Editorial of December 18, 2025
Christmas Hope
Given the deadly, antisemitic attack on Australia’s Bondi Beach this past Sunday as Jews gathered to celebrate the first day of Hanukkah, the Islamic State ambush in Syria on Saturday that killed three Americans and injured three others, and the violent, hate-filled rhetoric being spewed here in the U.S. by both sides of the aisle that many say may well be leading to a second Civil War, we reprint this famous poem by Henry Wadsworth Longfellow.
According to the website Poem Analysis, “Christmas Bells,” written in 1863, contrasts war’s despair with Christmas hope, reflecting a longing for peace amid the Civil War’s discord. Andrew Walker writes: “One of the most significant events that [Longfellow] would have experienced during his lifetime was the severe division of his home country, in the form of the American Civil War.

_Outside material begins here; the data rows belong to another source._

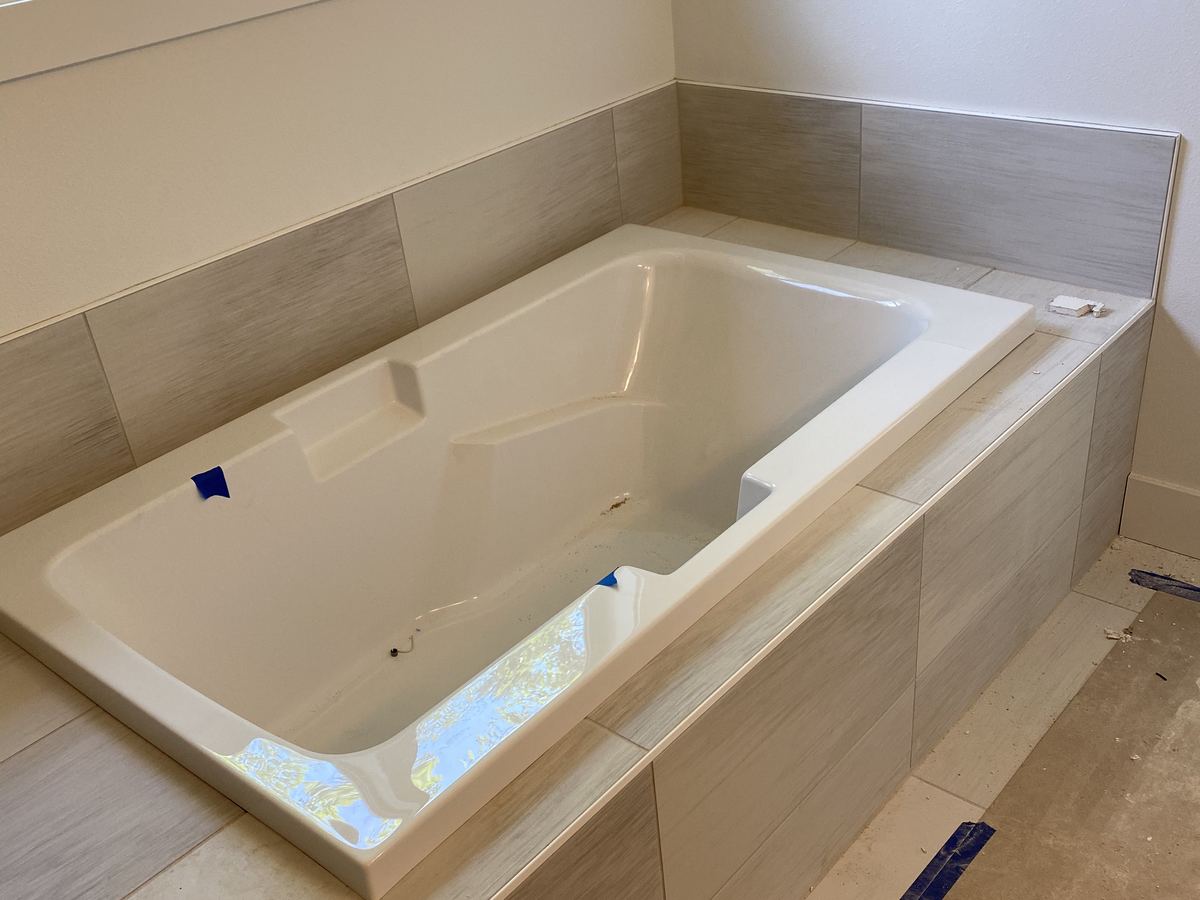 Soaking Tub Surround. Drop-in tub set in a large format tile deck and wall.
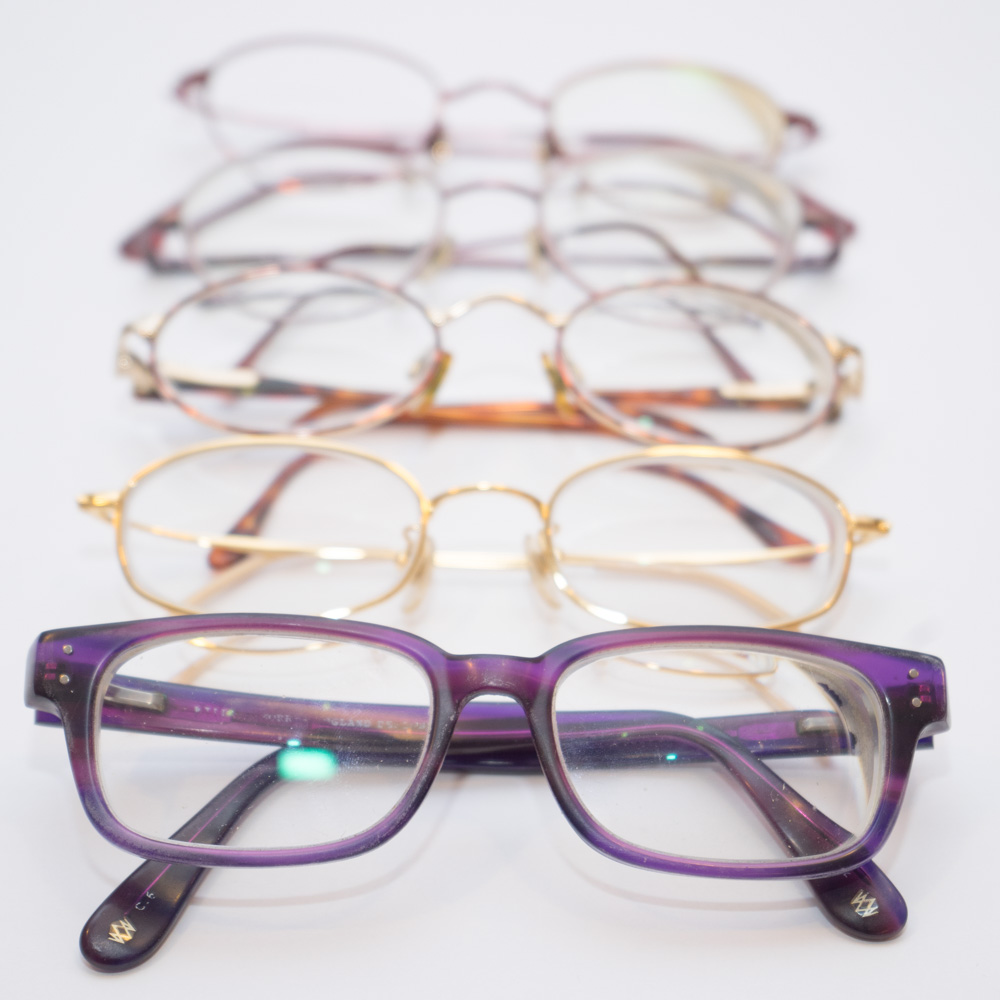 A range of glasses worn in the past by Gill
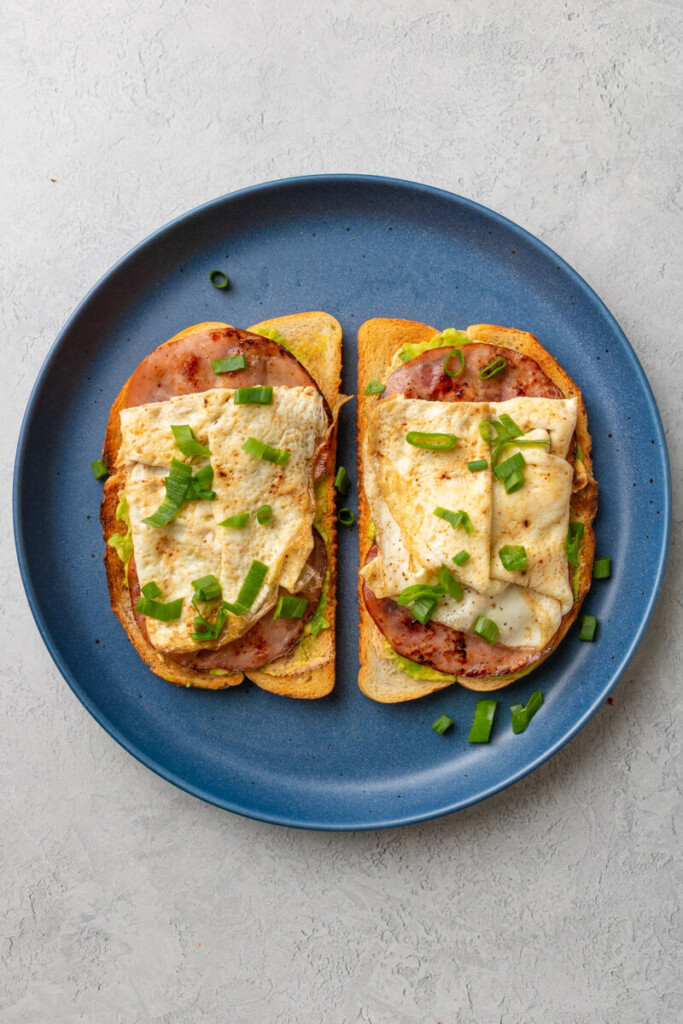 Two chipotle egg white toasts on a blue plate.
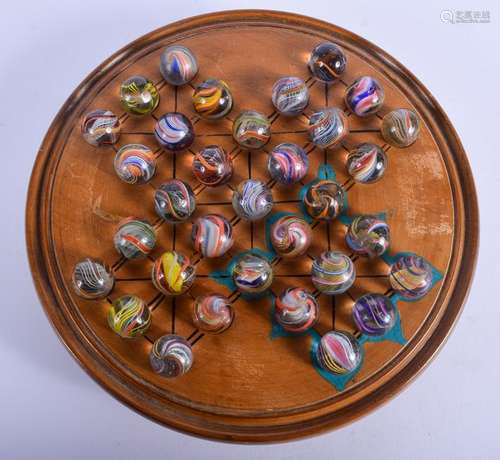 ANTIQUE SOLITAIRE GLASS MARBLES. 1.75 cm wide. (34)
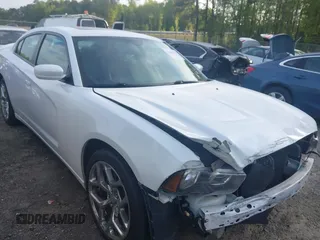 2014 Dodge Charger SXT with VIN 2C3CDXHG4EH337807, listed as a IAAI auction lot 42027319 with 151,988 mi miles. Bid and sale history available at carsss.com. Image 1.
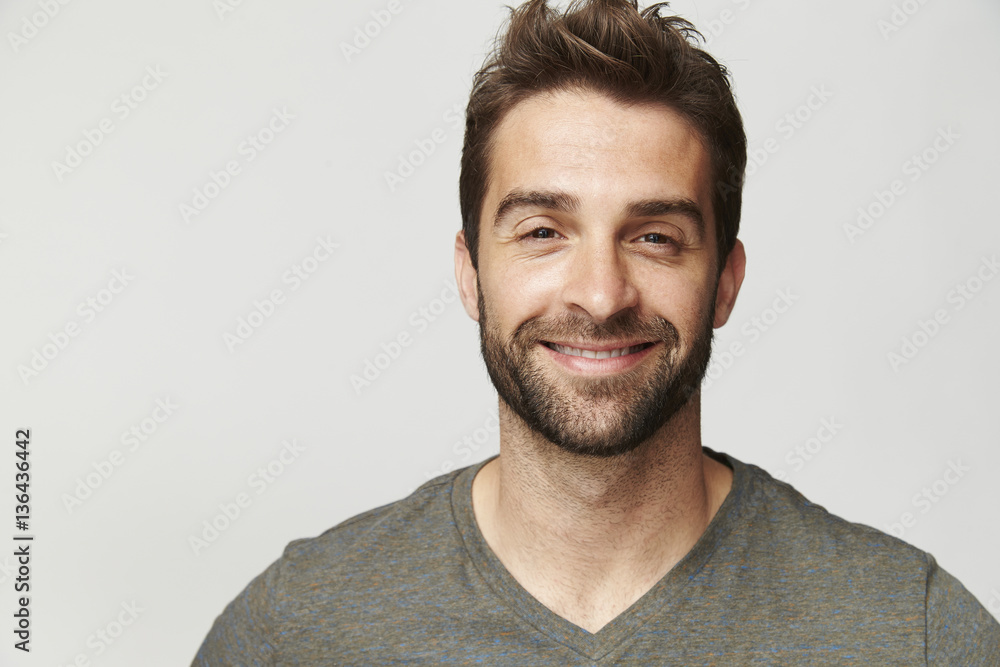 Fototapeta premium Smiling handsome dude in grey, portrait
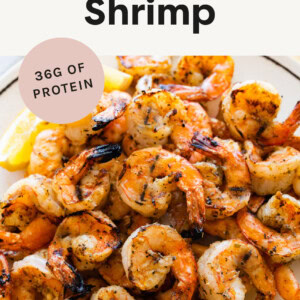 Plate of Grilled Shrimp served with lemon wedges.
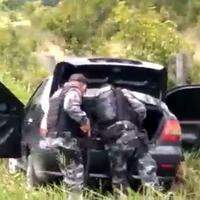 Imagens dos militares revistando o carro usado na fuga dos executores do sargento da Polícia Militar.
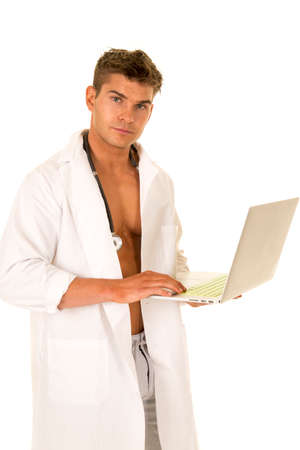 A Doctor looking to the side, holding on to his laptop working.の写真素材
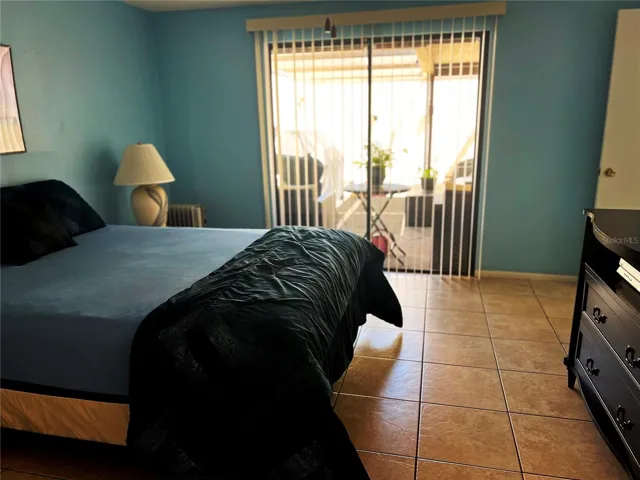 Bedroom 1 with Glass Sliders to Outside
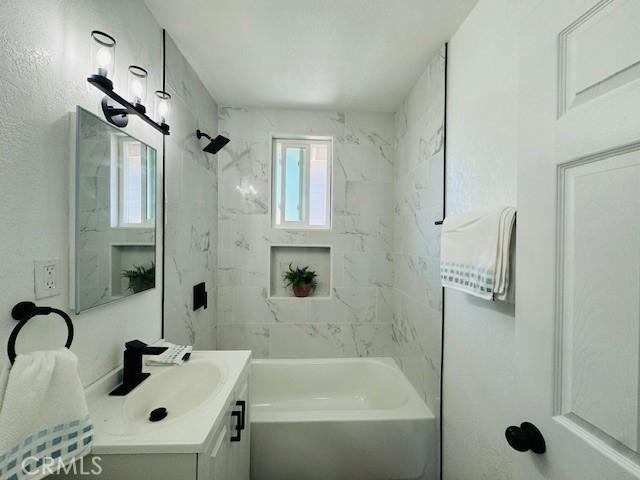623 E Elm St, Ontario, CA 91761 - bathroom featuring vanity and shower / washtub combination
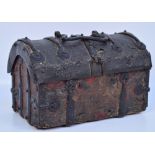 A rare 15th/16th century iron clad and leather bound dome topped casket with central loop carrying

Longfellow himself supported the abolitionist cause, but reportedly wished for peace above all in his home…”
Christmas Bells
I heard the bells on Christmas Day
Their old, familiar carols play,
And wild and sweet
The words repeat
Of peace on earth, good-will to men!
And thought how, as the day had come,
The belfries of all Christendom
Had rolled along
The unbroken song
Of peace on earth, good-will to men!
Till ringing, singing on its way,
The world revolved from night to day,
A voice, a chime,
A chant sublime
Of peace on earth, good-will to men!
Then from each black, accursed mouth
The cannon thundered in the South,
And with the sound
The carols drowned
Of peace on earth, good-will to men!
It was as if an earthquake rent
The hearth-stones of a continent,
And made forlorn
The households born
Of peace on earth, good-will to men!
And in despair I bowed my head;
“There is no peace on earth,” I said;
“For hate is strong,
And mocks the song
Of peace on earth, good-will to men!”
Then pealed the bells more loud and deep:
“God is not dead, nor doth He sleep;
The Wrong shall fail,
The Right prevail,
With peace on earth, good-will to men.”
We, too, pray for peace and good will this holiday season. It’s not too late for a meeting of the minds here in the U.S. Longfellow reminds us what’s at stake if we cannot come together as a nation.
From Flower-de-Luce (George Routledge and Sons, 1867) by Henry Wadsworth Longfellow.